Veel scholen houden gewoon vast aan het advies zoals het gegeven is. Maar bijna de helft van de respondenten geeft aan dat er bij één of meer leerlingen sprake is van wijziging in plaatsing. Het gaat dan in vrijwel alle gevallen om om een hogere plaatsing of een combi-advies dat wordt omgezet in een enkelvoudig advies. Het aantal ouders dat heeft gevraagd om een heroverweging van het advies n.a.v. de eindtoetsresultaten valt heel erg mee. Soms heeft het basisonderwijs zelf bijstellingen geïnitieerd op basis van de eindtoetsresultaten. In een aantal gevallen wil het VO bijstellen. Een enkele keer komen scholen en ouders er niet uit waarna de ouders soms uiteindelijk voor een andere school kiezen. Af en toe blijkt na bijstelling van het advies geen plek meer op de school die dan de eerste keuze zou zijn geweest. Zelfs nu, begin juni, zijn nog niet op alle vo-scholen de plaatsingscommissie klaar; dan zijn de plaatsingen nog niet definitief.
Scholen geven aan een 'warme overdracht' belangrijk en effectief te vinden. Dit wil zeggen dat er op zijn minst een gesprek tussen de basisschool en de school van plaatsing wordt gevoerd over de leerling. Hierin kunnen dan aandachtspunten besproken worden zoals speciale kindkenmerken of ondersteuningsbehoefte. Heroverwegingen van het schooladvies brengt voor de basisschool extra werk met zich mee. In veel gevallen wordt er opnieuw een gesprek met de ouders gevoerd en ook is er dan vaak een extra gesprek met het VO.

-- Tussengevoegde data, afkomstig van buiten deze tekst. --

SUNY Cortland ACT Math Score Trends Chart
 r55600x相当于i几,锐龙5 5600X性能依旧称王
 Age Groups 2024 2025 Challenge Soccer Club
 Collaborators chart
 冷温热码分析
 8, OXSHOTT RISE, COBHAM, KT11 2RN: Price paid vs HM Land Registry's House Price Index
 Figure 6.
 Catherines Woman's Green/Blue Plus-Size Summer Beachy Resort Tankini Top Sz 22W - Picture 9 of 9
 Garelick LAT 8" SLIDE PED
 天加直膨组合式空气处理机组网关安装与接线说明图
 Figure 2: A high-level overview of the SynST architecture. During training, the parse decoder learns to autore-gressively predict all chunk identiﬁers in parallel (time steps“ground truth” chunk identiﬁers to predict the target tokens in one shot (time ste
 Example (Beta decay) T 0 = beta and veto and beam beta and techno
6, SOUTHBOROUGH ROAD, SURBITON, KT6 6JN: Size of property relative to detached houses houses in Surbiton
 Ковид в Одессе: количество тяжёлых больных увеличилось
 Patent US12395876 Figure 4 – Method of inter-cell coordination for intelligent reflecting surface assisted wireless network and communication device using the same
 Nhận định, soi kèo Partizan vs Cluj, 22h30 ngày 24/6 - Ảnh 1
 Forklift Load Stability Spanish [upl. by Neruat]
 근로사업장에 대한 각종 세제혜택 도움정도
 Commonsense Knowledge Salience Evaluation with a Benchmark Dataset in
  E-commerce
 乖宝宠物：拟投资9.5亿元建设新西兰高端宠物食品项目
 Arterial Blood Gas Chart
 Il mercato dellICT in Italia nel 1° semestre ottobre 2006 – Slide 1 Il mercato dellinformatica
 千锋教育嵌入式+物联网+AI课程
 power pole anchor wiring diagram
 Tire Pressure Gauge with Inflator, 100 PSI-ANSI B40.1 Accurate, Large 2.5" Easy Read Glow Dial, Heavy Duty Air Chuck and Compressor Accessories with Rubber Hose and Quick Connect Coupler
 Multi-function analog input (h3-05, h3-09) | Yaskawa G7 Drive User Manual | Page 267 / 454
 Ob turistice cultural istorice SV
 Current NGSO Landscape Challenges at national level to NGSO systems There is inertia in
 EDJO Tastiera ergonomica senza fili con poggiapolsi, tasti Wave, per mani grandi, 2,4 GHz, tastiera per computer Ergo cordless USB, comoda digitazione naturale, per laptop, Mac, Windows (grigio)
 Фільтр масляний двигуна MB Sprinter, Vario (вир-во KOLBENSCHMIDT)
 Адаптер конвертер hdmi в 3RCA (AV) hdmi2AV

Scholen lopen er tegenaan dat de motivatie van leerlingen voor de citotoets minder is dan voorgaande jaren. Er hangt minder vanaf. De scholen zelf ervaren dat anders; de resultaten van de eindtoets spelen immers een belangrijke rol in het eindoordeel van de inspectie. Waar scholen toetsresultaten vooral willen gebruiken om het onderwijsleerproces te ondersteunen, is dat niet hoe van buiten naar de opbrengsten wordt gekeken.
In het speciaal basisonderwijs is vaak nog geen eindtoets afgenomen, daar is dit ook nog niet verplicht.